I am playing around with some Jax and I want to make sure I understand the "right" way to do batching.
it seems possible to write my "model" code as working over a single "instance" of data and then rely on vmap to "batch." Is this the correct way? Other tools I have worked with in the past (pytorch, tf) typically have an "batch" dimension kind of implicit. I kind of assumed that this is how the actual GPU operations were implemented, and that there had to be some sort of inherit effeciency to this batching.
My 2 questions are:
is vmap the correct/expected way to batch train models in (at least most of the time)?
is it not the case that the per operation batching would be somehow faster and handled by some cuda (in the case of using cuda) function someplace more naturally? Does realize that say its not vmaping over my model parameter dimensions and use the correct batched matmuls and other ops? Or is it that the ops don't actually work like this and vmapping (naively batching over the entire sequence of calcuations) actually whats happening even in something like pytorch?
This is theoretical question. My code currently works, but I am just curious as to the "why" of my approach.
vmap rewrites your program to use the same batching approach that NumPy, PyTorch or TensorFlow would. So yes, aside from the initial call to rewrite your program, it is as efficient.

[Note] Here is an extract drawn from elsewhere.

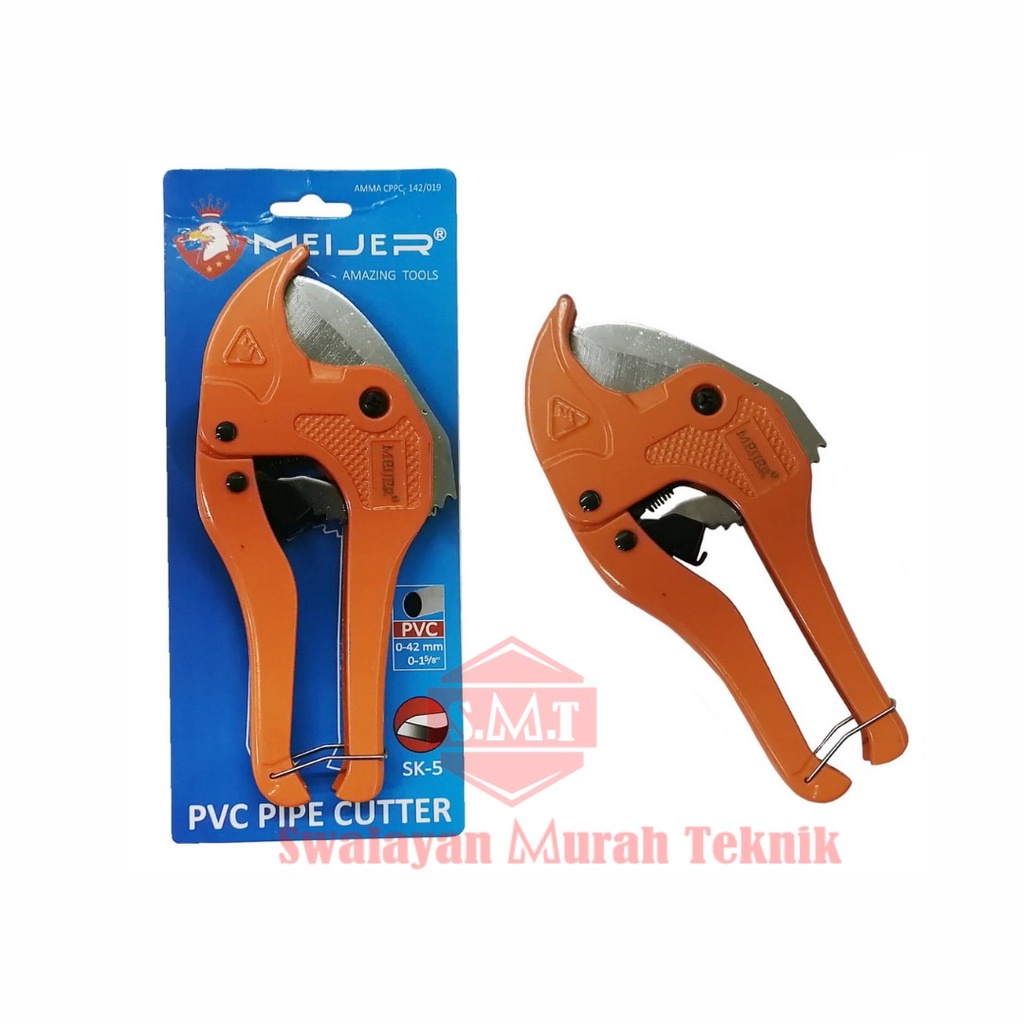 Jual MEIJER Gunting Pipa PVC 42MM Alat Potong Peralon Pipe Cutter 42 MM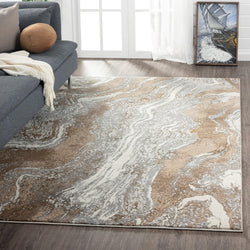 Marble 484 Abstract Area Rug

How does that work? JAX uses the XLA compiler to execute programs. XLA works like you're used to seeing, with explicit batch dimensions in most of its API. JAX hides those batch dimensions so you don't have to think about them, but provides vmap which traverses and rewrites your program to use those batch dimensions when you need them. The same old batching you're familiar with was always available, JAX just doesn't expose it until it's needed.
If I understand your question correctly, I think you'll find that vmap produces identical results (with identical performance) to "native" batching.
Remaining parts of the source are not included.